Stored items from a collection

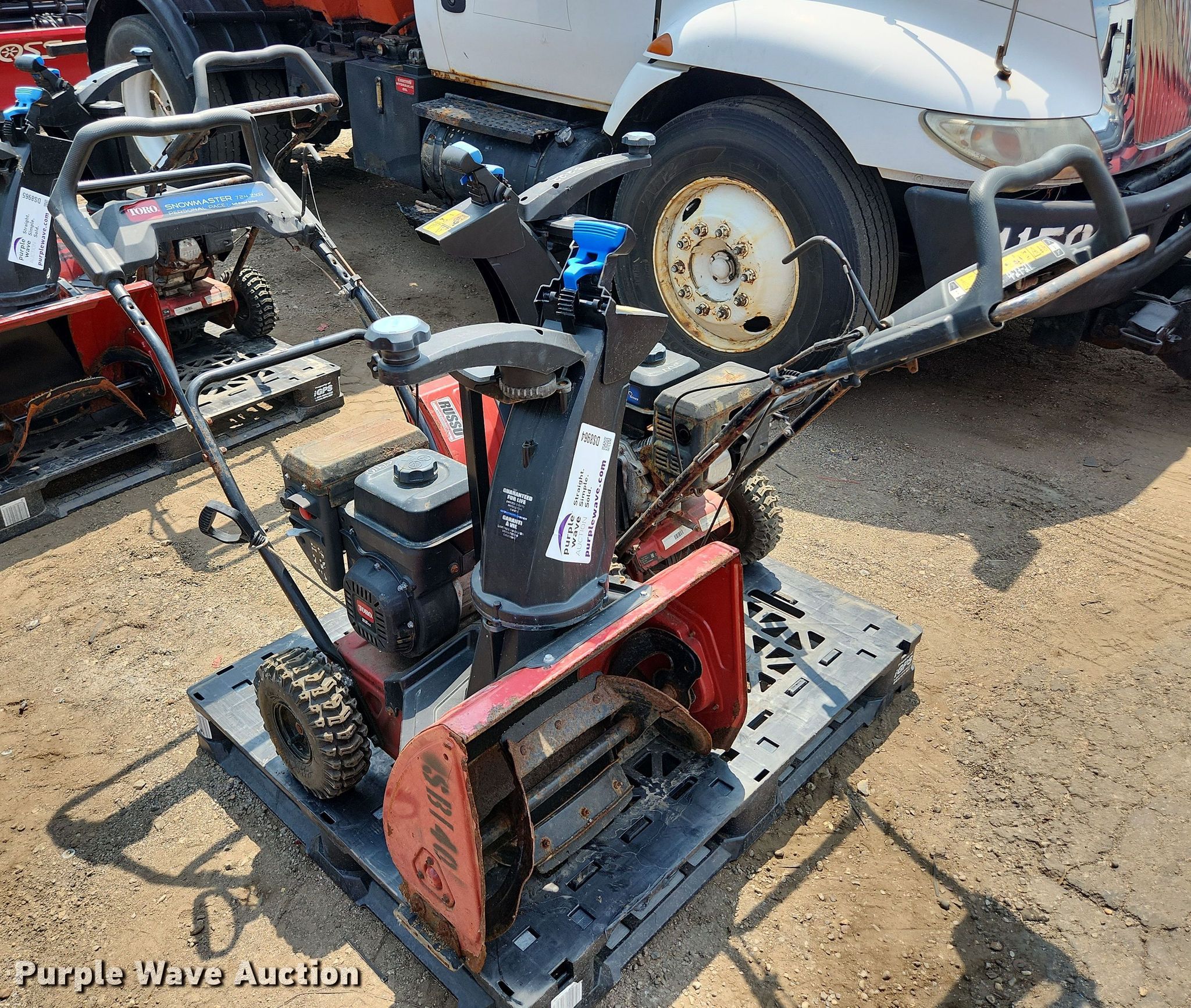(2) Toro Snowmaster 724 ZXR snow blowers in Elgin, IL Item DS8964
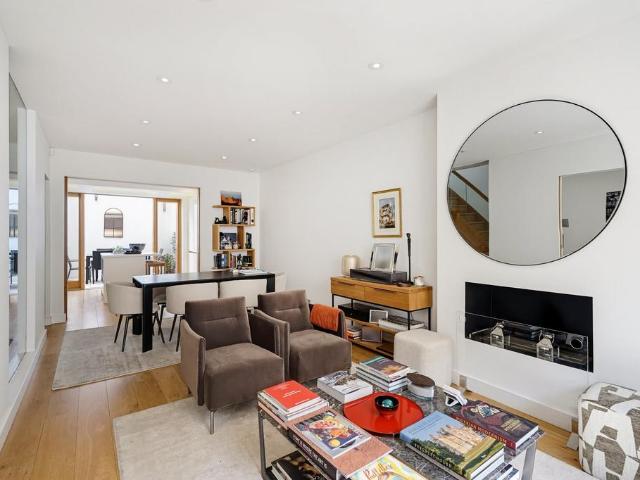 Radnor Walk, London, SW3 4 bed terraced house to rent £14,083 pcm £3,250 pw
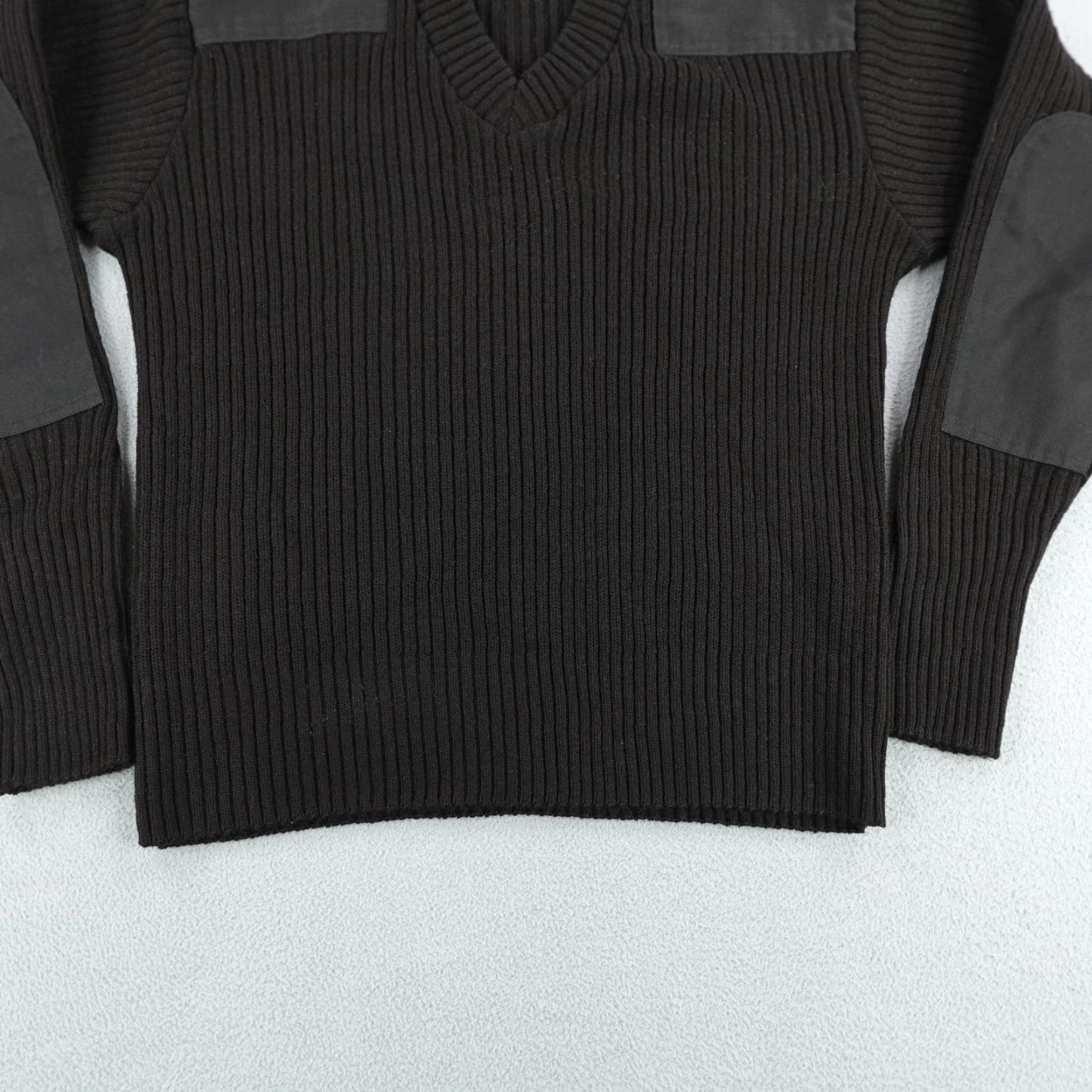Vintage VINTAGE Horace Small Sweater Mens Medium Black Pullover V-Neck Tight-Knit Outdoor Size US M / EU 48-50 / 2 - 3 Thumbnail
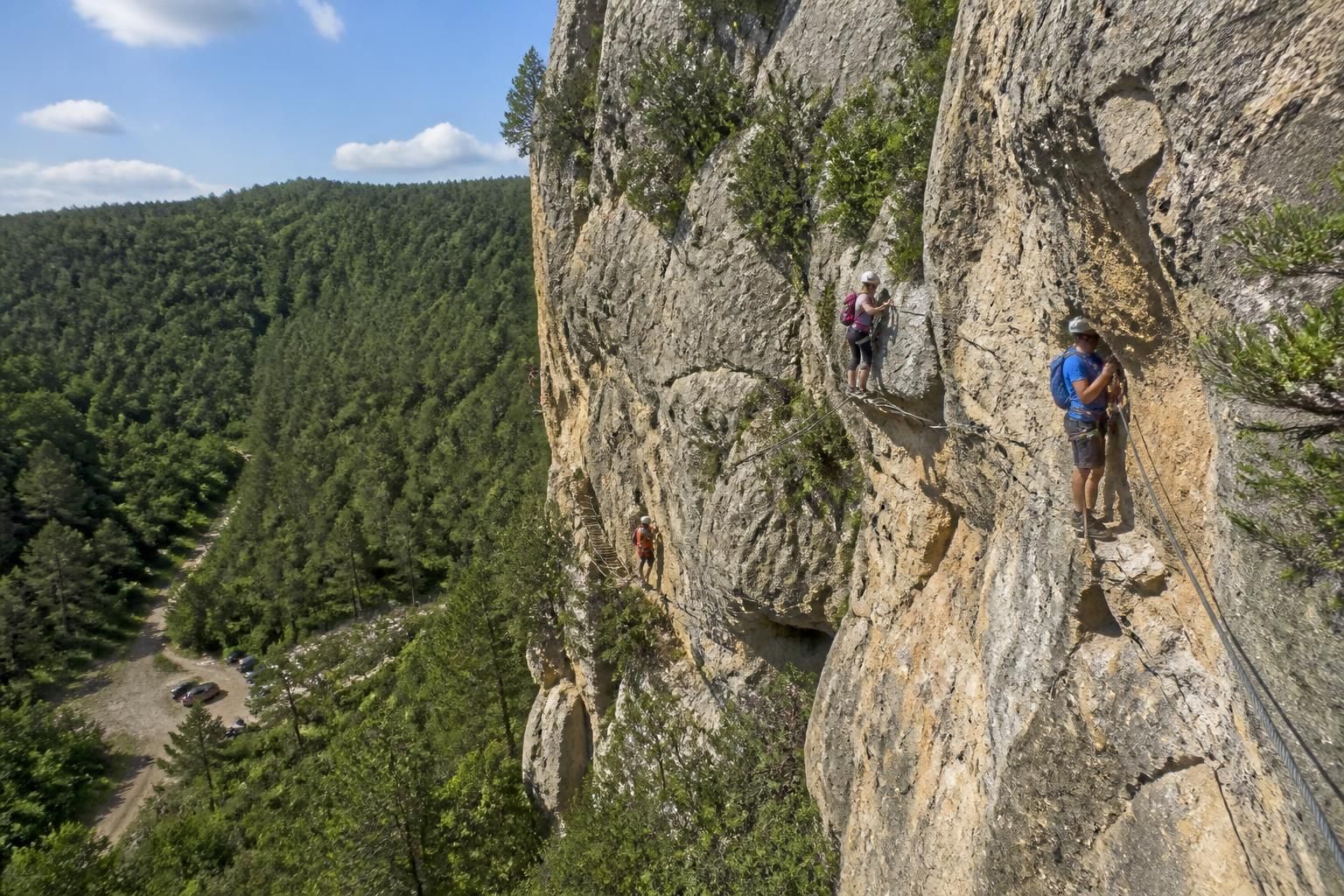 découvrez la via ferrata du roc du cornillon : explorez son parcours, évaluez le niveau de difficulté et trouvez toutes les informations pratiques pour y accéder facilement.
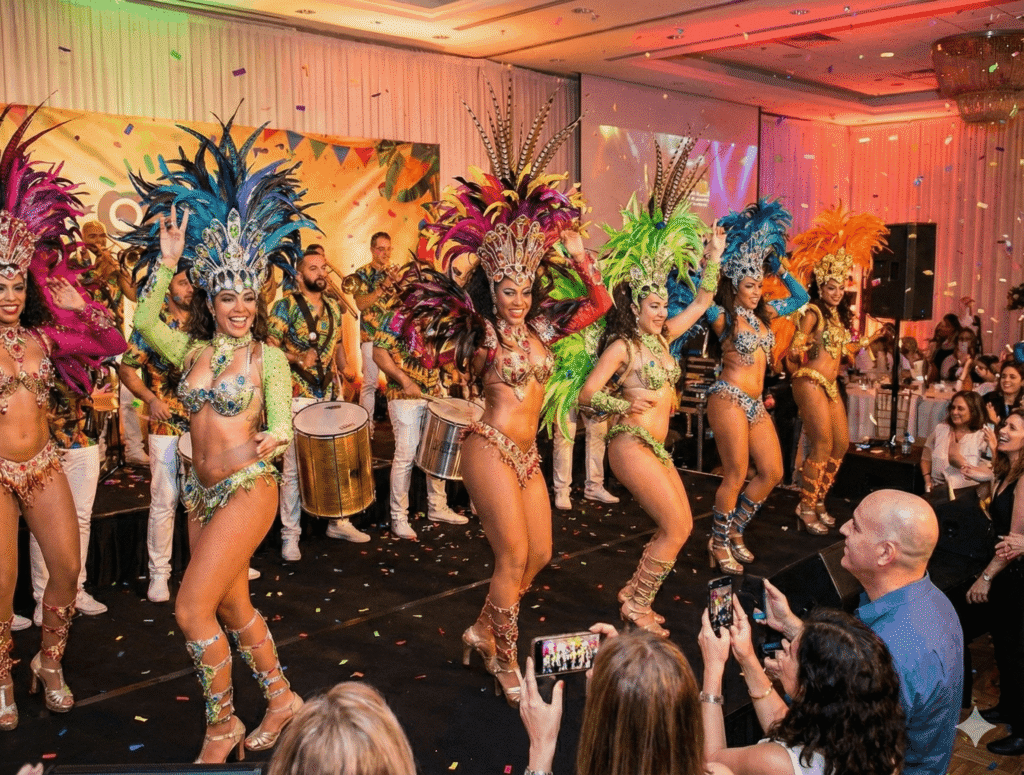 רקדניות ברזילאיות במופע קרנבל ססגוני של אנה סליה דה סילבה.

== Exercise objective ==
Exact copy, no pictures: reproduce every record above.

== Task output ==
(2) Toro Snowmaster 724 ZXR snow blowers in Elgin, IL Item DS8964
 Radnor Walk, London, SW3 4 bed terraced house to rent £14,083 pcm £3,250 pw
Vintage VINTAGE Horace Small Sweater Mens Medium Black Pullover V-Neck Tight-Knit Outdoor Size US M / EU 48-50 / 2 - 3 Thumbnail
 découvrez la via ferrata du roc du cornillon : explorez son parcours, évaluez le niveau de difficulté et trouvez toutes les informations pratiques pour y accéder facilement.
 רקדניות ברזילאיות במופע קרנבל ססגוני של אנה סליה דה סילבה.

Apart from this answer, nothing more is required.